Short descriptive text snippets

+ + + + +

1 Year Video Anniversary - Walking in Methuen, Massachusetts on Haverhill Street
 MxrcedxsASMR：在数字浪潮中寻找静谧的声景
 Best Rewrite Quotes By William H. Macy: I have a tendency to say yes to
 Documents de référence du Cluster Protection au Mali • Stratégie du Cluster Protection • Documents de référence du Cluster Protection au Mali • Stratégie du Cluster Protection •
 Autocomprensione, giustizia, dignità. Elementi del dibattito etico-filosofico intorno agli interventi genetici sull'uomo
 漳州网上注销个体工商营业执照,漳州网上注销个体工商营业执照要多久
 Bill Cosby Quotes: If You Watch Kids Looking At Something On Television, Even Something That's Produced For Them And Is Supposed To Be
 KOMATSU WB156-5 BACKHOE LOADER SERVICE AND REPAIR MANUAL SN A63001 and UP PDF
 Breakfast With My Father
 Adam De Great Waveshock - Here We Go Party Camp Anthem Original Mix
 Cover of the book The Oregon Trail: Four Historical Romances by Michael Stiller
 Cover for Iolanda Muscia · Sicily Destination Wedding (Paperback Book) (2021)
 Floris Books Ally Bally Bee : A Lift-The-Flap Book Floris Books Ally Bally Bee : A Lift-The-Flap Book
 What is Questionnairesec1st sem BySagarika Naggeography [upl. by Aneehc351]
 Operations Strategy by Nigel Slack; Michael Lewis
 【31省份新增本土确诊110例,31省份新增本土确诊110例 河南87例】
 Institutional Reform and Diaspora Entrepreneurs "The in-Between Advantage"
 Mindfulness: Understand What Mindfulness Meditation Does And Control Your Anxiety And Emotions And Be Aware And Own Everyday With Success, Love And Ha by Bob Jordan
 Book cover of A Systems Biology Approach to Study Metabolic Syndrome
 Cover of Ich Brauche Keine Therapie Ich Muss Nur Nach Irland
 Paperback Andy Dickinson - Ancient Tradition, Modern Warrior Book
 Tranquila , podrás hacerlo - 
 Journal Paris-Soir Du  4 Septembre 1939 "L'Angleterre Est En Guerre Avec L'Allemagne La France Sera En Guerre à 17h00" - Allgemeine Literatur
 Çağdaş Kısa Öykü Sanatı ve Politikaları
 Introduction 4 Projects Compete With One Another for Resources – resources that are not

+ + + + +

## PROBLEM TO SOLVE:
Every record is to be written out verbatim.

## EXPECTED ANSWER:
1 Year Video Anniversary - Walking in Methuen, Massachusetts on Haverhill Street
 MxrcedxsASMR：在数字浪潮中寻找静谧的声景
 Best Rewrite Quotes By William H. Macy: I have a tendency to say yes to
 Documents de référence du Cluster Protection au Mali • Stratégie du Cluster Protection • Documents de référence du Cluster Protection au Mali • Stratégie du Cluster Protection •
 Autocomprensione, giustizia, dignità. Elementi del dibattito etico-filosofico intorno agli interventi genetici sull'uomo
 漳州网上注销个体工商营业执照,漳州网上注销个体工商营业执照要多久
 Bill Cosby Quotes: If You Watch Kids Looking At Something On Television, Even Something That's Produced For Them And Is Supposed To Be
 KOMATSU WB156-5 BACKHOE LOADER SERVICE AND REPAIR MANUAL SN A63001 and UP PDF
 Breakfast With My Father
 Adam De Great Waveshock - Here We Go Party Camp Anthem Original Mix
 Cover of the book The Oregon Trail: Four Historical Romances by Michael Stiller
 Cover for Iolanda Muscia · Sicily Destination Wedding (Paperback Book) (2021)
 Floris Books Ally Bally Bee : A Lift-The-Flap Book Floris Books Ally Bally Bee : A Lift-The-Flap Book
 What is Questionnairesec1st sem BySagarika Naggeography [upl. by Aneehc351]
 Operations Strategy by Nigel Slack; Michael Lewis
 【31省份新增本土确诊110例,31省份新增本土确诊110例 河南87例】
 Institutional Reform and Diaspora Entrepreneurs "The in-Between Advantage"
 Mindfulness: Understand What Mindfulness Meditation Does And Control Your Anxiety And Emotions And Be Aware And Own Everyday With Success, Love And Ha by Bob Jordan
 Book cover of A Systems Biology Approach to Study Metabolic Syndrome
 Cover of Ich Brauche Keine Therapie Ich Muss Nur Nach Irland
 Paperback Andy Dickinson - Ancient Tradition, Modern Warrior Book
 Tranquila , podrás hacerlo - 
 Journal Paris-Soir Du  4 Septembre 1939 "L'Angleterre Est En Guerre Avec L'Allemagne La France Sera En Guerre à 17h00" - Allgemeine Literatur
 Çağdaş Kısa Öykü Sanatı ve Politikaları
 Introduction 4 Projects Compete With One Another for Resources – resources that are not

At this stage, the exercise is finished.